As Hauff was sitting in the car, he looked up, and standing right next to him was a police officer. The officer asked for an ID. What? Hauff said he asked. Can I see an ID? He said the officer asked.

The officer collected IDs from everyone in the car and walked back to his patrol car while another officer, whose name he didn’t get, remained standing. Before long the other officer came back with a ticket for the couple, charging them with violating the city’s noise ordinance. Hauff said he asked what was going on. One of the officers, Hauff said, told him they had honked at him, but that he had ignored them.

Gowen said she had heard a horn honk but hadn’t paid any attention to it. Hauff said he saw the police car sitting at the light next to the business, probably two car lengths from where his customer’s car was parked but didn’t think anything of it. It’s a busy intersection and police cars pass by all the time.

He didn’t notice any honking, though, he said. That’s understandable. Thousands and thousands of cars pass through the Clinton-State intersection every day, including lots of heavy trucks that make a racket. After awhile you tune the noise out.

The ticket for his customers doesn’t make a lot of sense to Hauff. They’ve been selling stereos on that corner for 40 years. Last summer they had a show featuring the big bass woofers that some people install in their cars – the ones that make the trunk lid rattle like the lid on an open soup can.

Three or four years ago, he said, the store had a three-day show, with people from all over the country showing off their gear. People with fancy sound systems could show up, crank up the volume and have their systems’ output measured. None of his neighbors complained then, he said. In fact, he says, none of Classic’s neighbors has ever complained about noise from the shop.

Then, two of his customers get a ticket as they are being shown how to operate the controls on their new system.

Hauff said he pretty much kept his mouth shut during the exchange, except, he says, when he asked for his license back and said he had a business to run and was threatened with arrest. He acknowledges that the woman at one point said something to the effect that, “I didn’t turn the bleeping sound down ’cause I couldn’t find the bleeping controls.”

Hauff said he told the police it was private property, and one officer responded that that’s like saying the police couldn’t come on the property and arrest someone for smoking crack. But they’re not selling crack, Hauff said. They’re selling stereos. Some might be so loud they’re illegal, he joked, but it’s a legitimate business.

Gowen says she’s going to fight the ticket.
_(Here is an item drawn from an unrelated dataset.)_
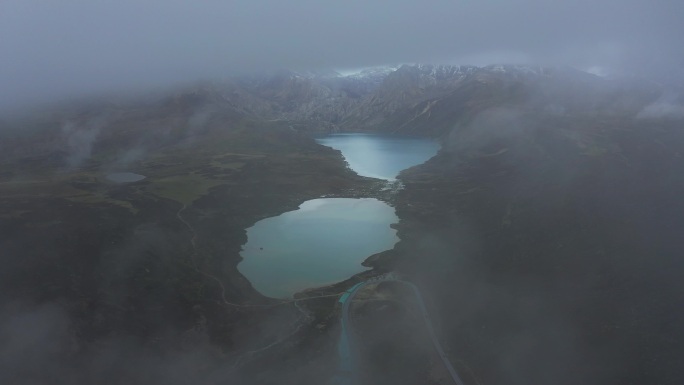 航拍雨雾天的川藏线姊妹湖风光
Michael Joyner, public information officer for the Fort Wayne Police Department, said he couldn’t fault the officers involved. The police didn’t make the law; the public did, he said. And the ordinance is clear. If you can hear something 30 feet from its source, it’s a violation because it interrupts the public’s “repose,” as the ordinance states, and the officer has the discretion of citing you or issuing a warning.

The noise ordinance provides exceptions. For example, companies are allowed to make noises that are customary and incidental to their normal conduction of business. That raises a curious question. Was Hauff doing business? Was he disturbing the repose of neighbors?

That’s what irks Gowen. She knows her system is designed to be loud and that she might get a ticket sometime. For the sake of the business, though, she says she thinks the ticket was wrong. Classic was just trying to run its business, she says, and show a customer how its product works. For her part, Joyner said, Gowen will have her day in court. She can explain that she was just learning how the system worked.

You can’t help but wonder, though. At an intersection where the roar of trucks often drown out the sound of your car radio, whose repose was being disturbed?

Ok, this place is right downtown, along side a truck-route. Is it just a case of WTF? Or, by God, are those noisy punks go to pay? You decide.